Las tensiones diplomáticas entre Estados Unidos y Colombia se intensificaron después de que el presidente estadounidense, Donald Trump, anunciara el fin de la ayuda económica al país suramericano, acusando a su homólogo Gustavo Petro de ser “un líder del narcotráfico” y de no actuar contra la producción de drogas.
En un mensaje publicado en su red Truth Social —que borró y luego volvió a publicar tras escribir “Columbia” en lugar de “Colombia”—, Trump aseguró que Petro “incentiva la producción masiva de drogas” y advirtió que, si el mandatario colombiano no cerraba “los campos de exterminio de inmediato”, lo haría Estados Unidos “no de manera amable”. Ante estas declaraciones, el Gobierno colombiano calificó los señalamientos como una “amenaza directa” a la soberanía nacional y anunció que acudirá a instancias internacionales para defenderla.
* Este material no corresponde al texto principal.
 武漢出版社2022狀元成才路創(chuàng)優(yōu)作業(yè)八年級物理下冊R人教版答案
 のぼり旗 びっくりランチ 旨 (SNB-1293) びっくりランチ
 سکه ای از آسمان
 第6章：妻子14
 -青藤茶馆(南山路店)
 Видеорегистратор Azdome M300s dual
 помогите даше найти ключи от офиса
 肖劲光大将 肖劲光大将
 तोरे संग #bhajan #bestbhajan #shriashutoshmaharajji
El Ministerio de Relaciones Exteriores de Colombia rechazó que Washington utilice la cooperación internacional como “instrumento de injerencia”, mientras que el ministro de Defensa, Pedro Sánchez Suárez, advirtió que el fin de la ayuda beneficiará a los grupos criminales. Estas tensiones se producen tras la decisión de Estados Unidos, hace 1 mes, de retirar a Colombia de la lista de países que combaten el narcotráfico, pese a ser el mayor productor mundial de cocaína y concentrar 2 tercios de los cultivos globales, según la ONU.
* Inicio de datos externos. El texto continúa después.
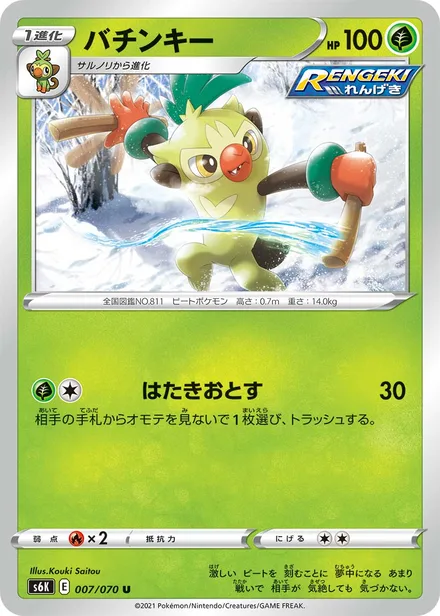 Thwackey S6K 007/70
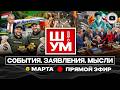 ✡️ Ш!УМ. Трамп выменял МАГУ на кипу. Иран бьют, а он крепчает. Зеленский бежит от Орбана на Донбасс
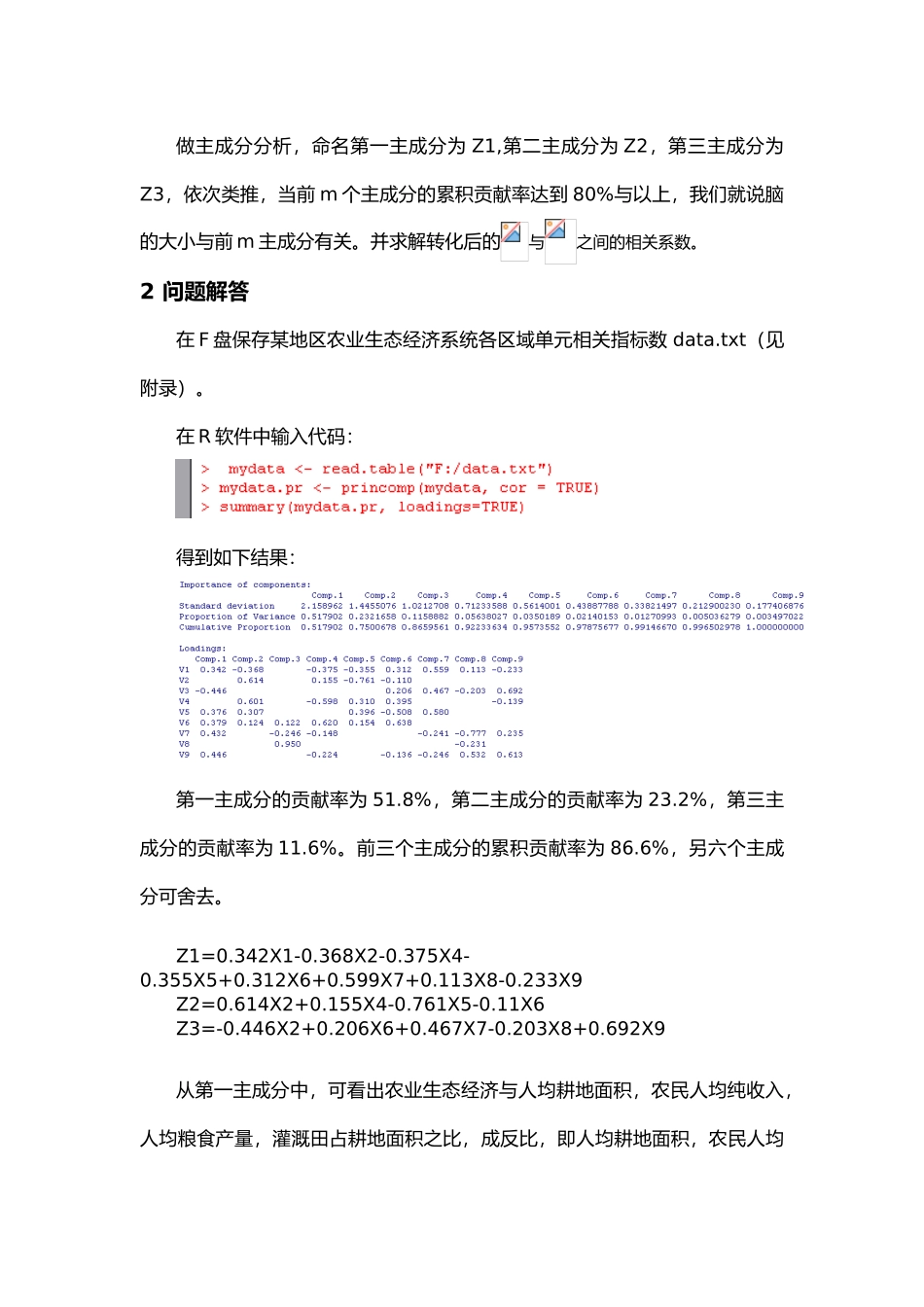 R软件中的主成分分析报告_第2页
El conflicto diplomático se agrava en medio de la ofensiva militar estadounidense en el Caribe, donde se han realizado al menos 7 bombardeos contra presuntas narcolanchas. En el más reciente, el secretario de Guerra de EUA, Pete Hegseth, informó la muerte de 3 supuestos narcotraficantes vinculados al Ejército de Liberación Nacional (ELN). Petro respondió acusando a Washington de asesinar a un pescador colombiano identificado como Alejandro Carranza, en un ataque que, según medios locales, se habría producido en aguas de Colombia.